Researchers have discovered that cannabis medicine has the ability to increase levels of endorphins, which are the body’s natural opioids that improve mood and performance. They work similarly to opioid painkillers in humans and produce a natural “high” without the side effects or risk of addiction. Endorphin levels in the body vary, so different people experience different effects. The “runner’s high” is one example. Until recently, it was impossible to measure endorphins in humans, but new imaging technology has now made that possible.

Endorphins are produced by the nervous system and are produced in the pituitary gland and hypothalamus. Increasing these levels can help relieve pain, improve mood, and increase self-esteem. Interestingly, the level of endorphins in the body can vary widely, and it is possible that lower levels of endorphins are linked to depression and fibromyalgia. However, more research needs to be conducted on this.

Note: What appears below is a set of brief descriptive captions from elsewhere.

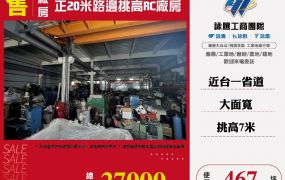 正20米路邊挑高RC廠房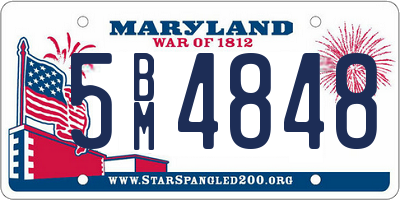 MD license plate 5BM4848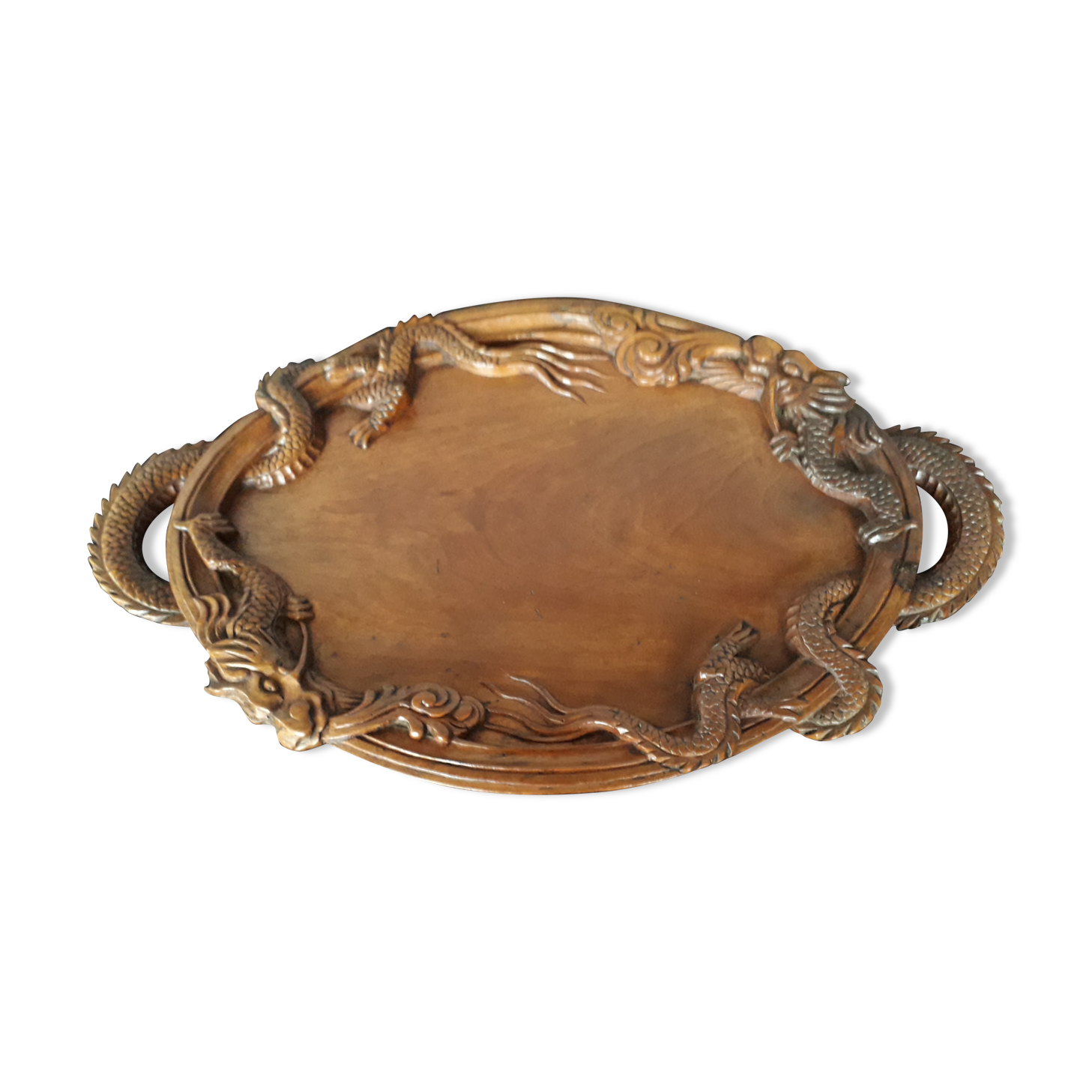 Carved wooden top, of asian origin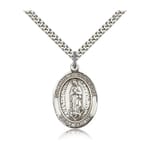 Sterling Silver Our Lady of Guadalupe Pendant w/ 22 inch chain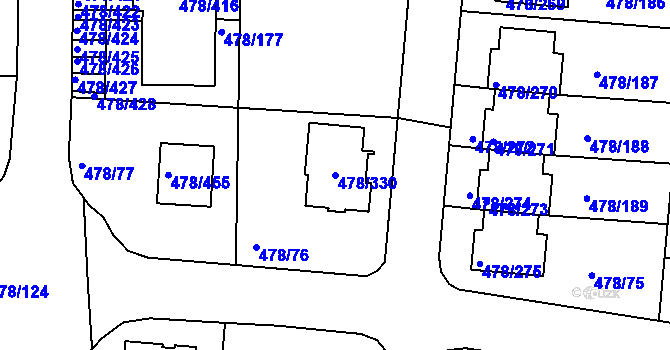 Parcela st. 478/330 v KÚ Roudné, Katastrální mapa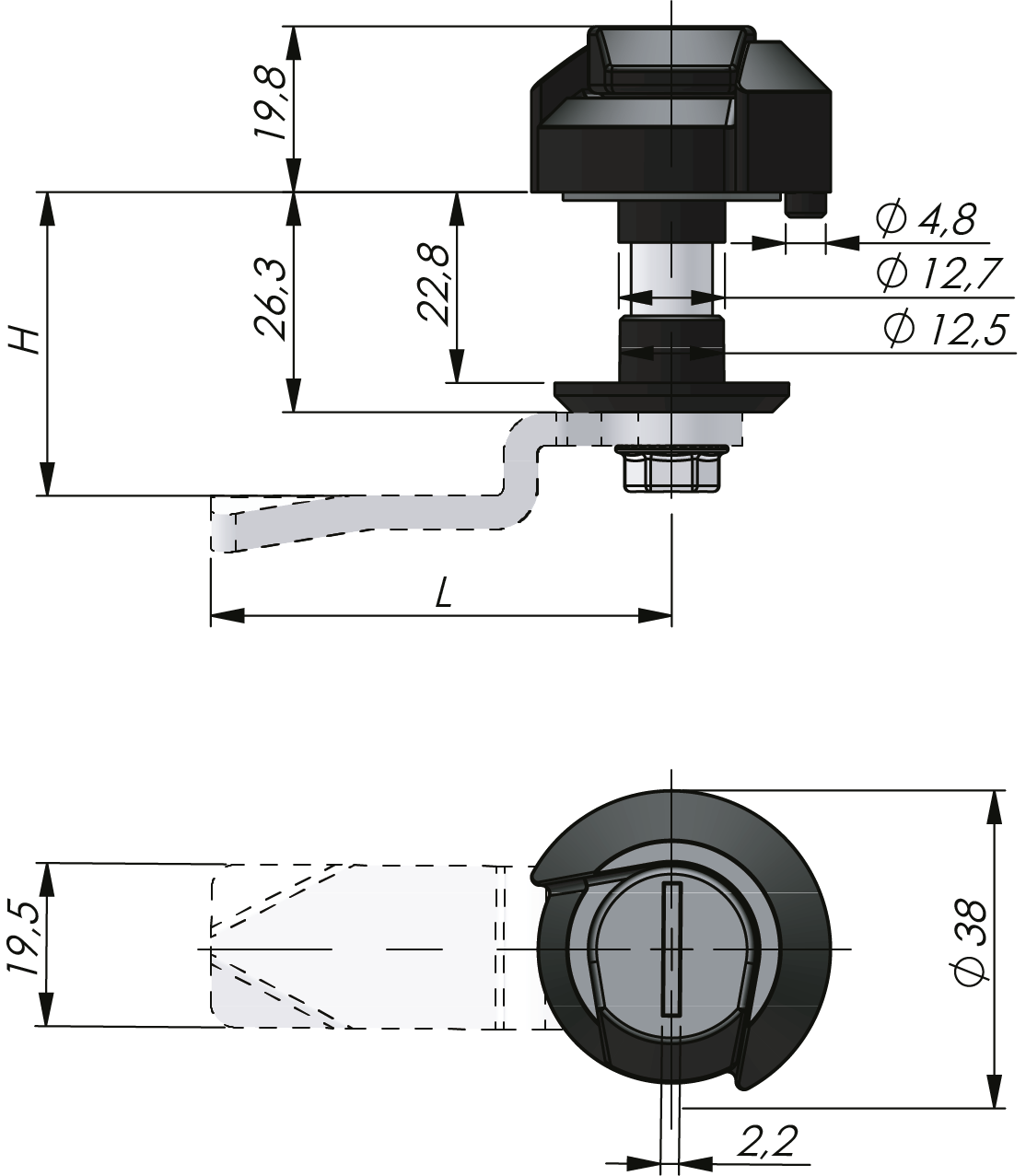 Quarter-turn Slotted Latch Quarter-turn Slotted Latch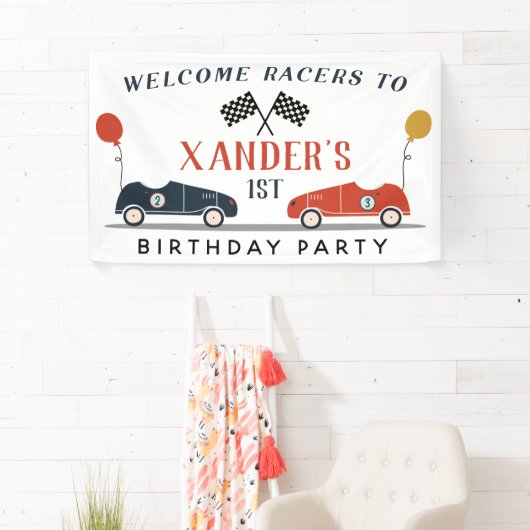 Begin elke leeftijd met de auto van de motorrijtui spandoek (Insitu)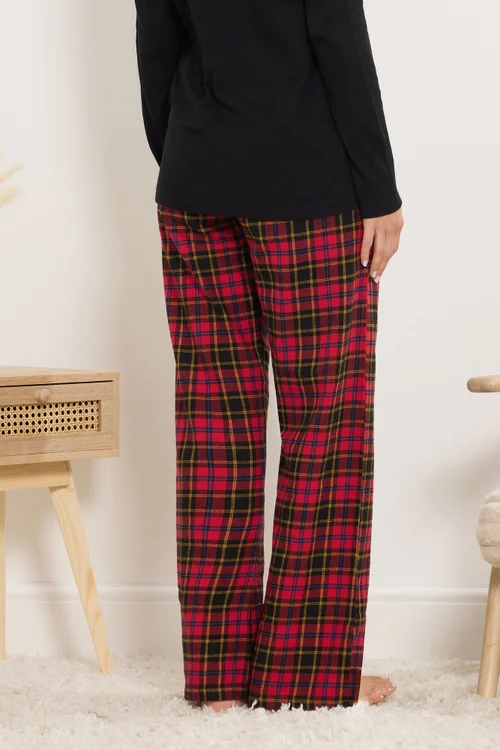 Long Tall Sally Black & Red Cotton Check Pyjama Bottoms - Size 18-20 Image 3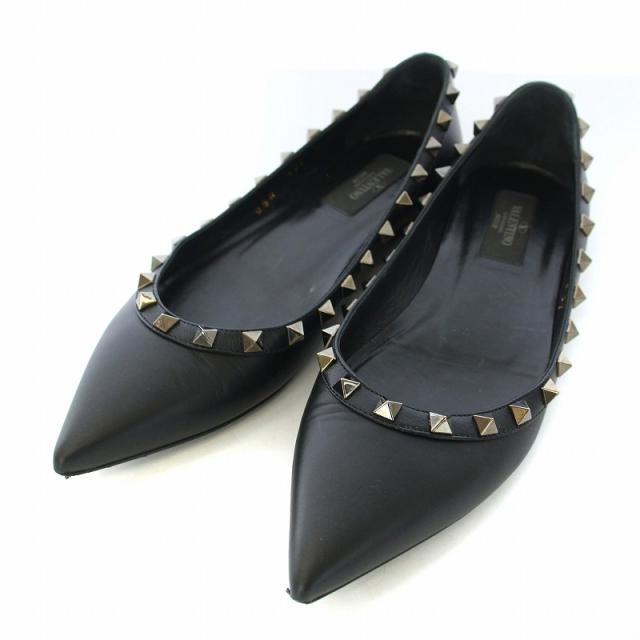 中古】ヴァレンティノ ガラヴァーニ NOIR ロックスタッズ パンプス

Cannabinoids Reduce Inflammation-Related Injuries

Cannabis is being studied for a variety of medical conditions, including inflammation and traumatic brain injury. Though there is little research in the area of sports medicine, cannabis and cannabinoids have been shown to reduce pain and inflammation. And cannabinoids are known to improve recovery after muscle strain.

Zeiger began researching cannabis after she was injured during a bike crash. Before his study, cannabis was banned by the U.S. Anti-Doping Agency. However, after a series of postdoc fellowships, he moved to Boulder, Colorado, and started working at the Institute for Behavioral Genetics at the University of Colorado. Cannabis has many benefits for athletes, and it is also legal in some places.

Cannabinoids Reduce Angina

A 63-year-old man presented for medical cannabis consultation. He had failed both first and second-line polypharmaceutical therapy for frequent unprovoked angina and exertional dyspnea.

The patient first presented with suspected myocardial infarction 22 years ago and was diagnosed with triple-vessel CAD in 2010. He underwent a stent placement and underwent six years of medical management.

Studies have shown that cannabinoids reduce the time it takes to exercise until angina occurs. While angina is not a major limiting concern for most exercisers, some research has suggested that cannabis may impair cardiac function in patients with the impaired coronary flow.
However, the methods of administration used in earlier studies involved smoking, which may have contributed to the increased incidence of angina.